OLED TVs could look quite different in a few years time compared to today. While OLED is generally considered the big TV tech of the moment, with its ‘infinite’ contrast ratio, color accuracy, and deep blacks, there’s no denying that it won’t stay top dog forever – at least, not without some further innovations beyond the capabilities of its picture.
Not long after we heard from Panasonic that the picture quality of its OLED sets had pretty much peaked, we got the opportunity to speak with the CEO and co-founder of OTI Lumionics, Michael Helander, about the technical advancements that could up-end the way we interact with OLED TVs in the future – including baked-in sensors for tracking our eyes, heads and hands.
- What is OLED? The TV panel tech explained
First, some background: OTI Lumionics is a specialty materials company, one that works across the electronics industry to, as its CEO puts it, “help drive new user experiences” beyond the iterative improvements we usually see in TV makers’ annual product ranges.
It receives a large amount of investment from LG Display, which is the only manufacturer of OLED panels for TVs, and clearly has a big stake in driving innovation in the space.
“We're really only focused on solutions to new user experiences, rather than, you know, helping to drive small incremental improvements to make your display slightly brighter, or slightly reduce power consumption,” says Helander. “That’s just not interesting from a user perspective.”
A whole new world
New TV ranges are often disappointing in the lack of big, substantive changes – in the 2021 LG TV range, for example, the major technical changes seem to be the introduction of a tripod TV stand and an OLED evo technology designed to make the Gallery Series OLED look marginally brighter. But what exactly can OTI or any of the major players in the TV space actually innovate in?
In Helander’s opinion, the most exciting development in OLED is “the integration of the display” with “different types of sensors and cameras."
This is something we see far more commonly in the world of smartphones, where a need for embedded front-facing cameras and facial recognition sensors have to grapple with a desire for all-screen, bezel-banishing designs. With the exception of so-called ‘notch’ cameras, where else can these things go, if not under the screen itself?
Helanda explains that, “In mobile phones we're starting to see the first generation of products with under-display cameras, directly integrated into the display and kind of hidden under active pixels. We’re anticipating some future products with under-display Face ID and other types of IR sensors too.”
But as we figure out how to do the same with OLED TVs, whole new opportunities for interfacing could open up. Helander tells us that “the ability to have a camera or built-in IR sensors that can track your eyes, your face, your hands… It opens up new possibilities for user interaction with the display and the content.”
It's OTI’s developments in cathode patterning, in particular – the process by which negatively-charged electrodes are latticed behind an OLED panel to channel electricity towards it – that are enabling under-display sensors, allowing for “total design freedom” when deciding how this layer of cathodes is made and arranged, and what can be placed in the gaps between them.
Why does this matter?
It’s unlikely that this will have much of an immediate impact on your souped-up home cinema, though Helander suggests that head-tracking could lead to spatial audio functionality, “the way that Apple has done with the AirPod Pros and AirPod Max, by tracking the position of your head. You could do the same thing in a home cinema setting, at least for an individual watching TV.”

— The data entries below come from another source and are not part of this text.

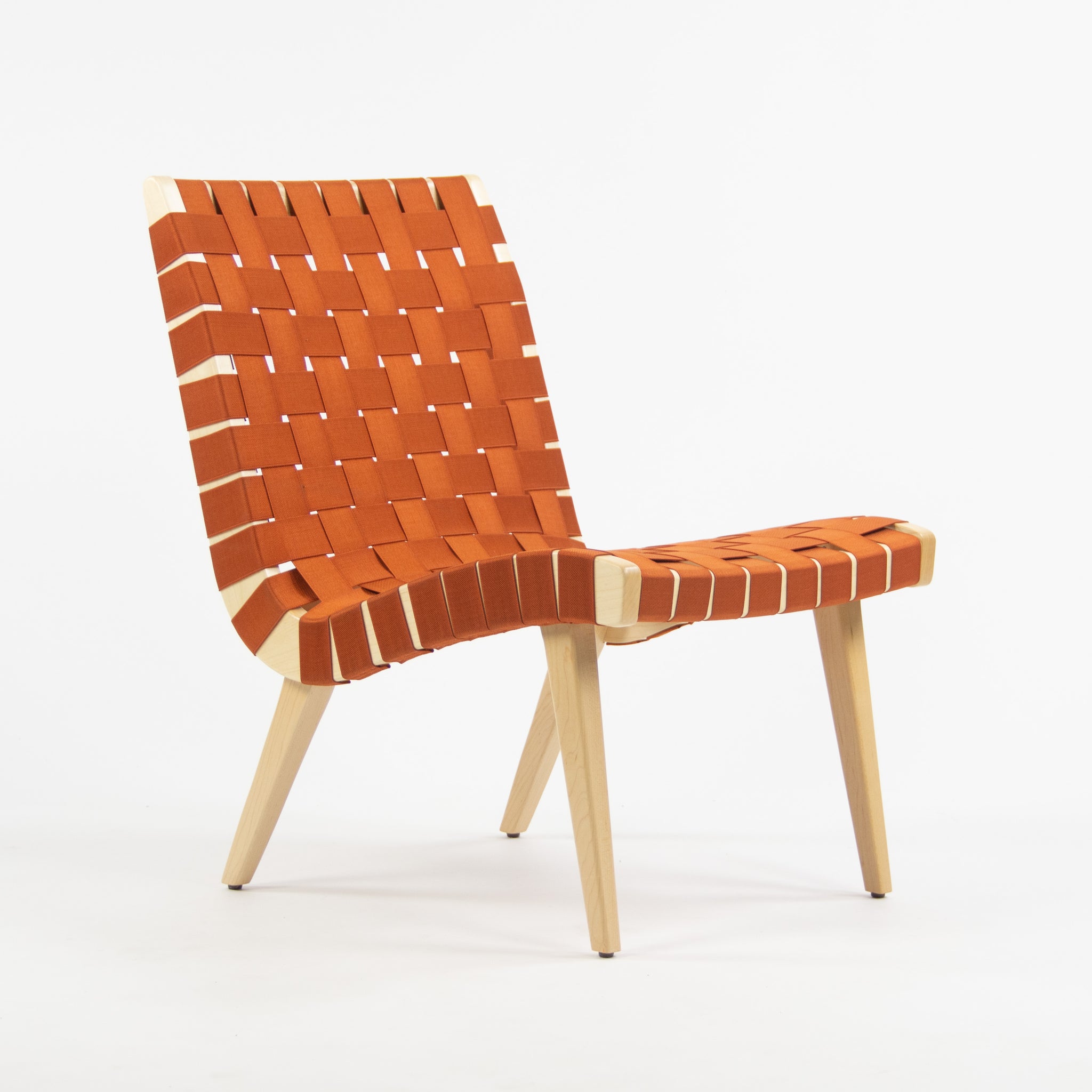 SOLD Knoll Studio 2019 Jens Risom Lounge Chair Maple w/ Orange Webbing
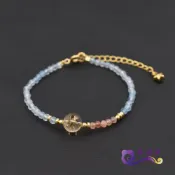 鑫運來◎海藍寶黃水晶鑽切手鍊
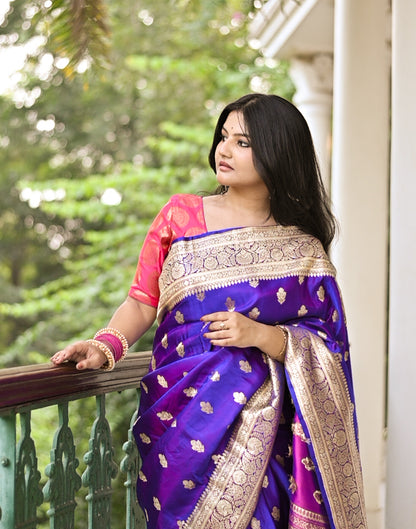 Dual Tone Purple Satin Silk Banarasi Handloom Saree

It’s possible, too, that this could have an impact in the world of gaming, with sensors able to track your eyes, head, or gestures for navigating an in-game environment – as with the Microsoft Kinect camera for Xbox 360.
Helander admits the main use case for a TV screen packed with sensors and cameras is probably in “an office setting, for video conferencing [...] so that when you're looking at someone on the screen, you're actually looking at their eyes, they're looking at your eyes, and it becomes a much more engaging experience.”
“When you think about the size of the TV,” says Helander, “that's a really large area where you could put quite a lot of different sensors, even starting to get some depth mapping data, and other types of 3D scanning, just by having multiple sensors placed behind it this way.”
Of course, manufacturers will still have to pack those sensors in somewhere.
“With some of the designs you see from Sony, there's still a large box of electronics mounted at the back of the panel, in the centre region, where you could accommodate a lot of those sensors, and still have the edge of the panel be very thin.
“Or, if you look at the ‘wallpaper-thin’ LG WX OLED, that may be a little bit more difficult to integrate certain types of sensors and optics – but of course people are getting better and better at squeezing down the space that all of these types of sensors need for smartphones, as there are limitations on just how much physical space you have in a very slim phone. So again I think a lot of the technology there is going to get adopted into the largest size panels.”
The exact uses of these sensors is unclear at the moment, and we expect it will be quite a few years before they come baked into the average home television. It’s obvious, though, that new ways of interfacing with our devices are emerging, and it’s only a matter of time before a mainstream product makes a strong case for them.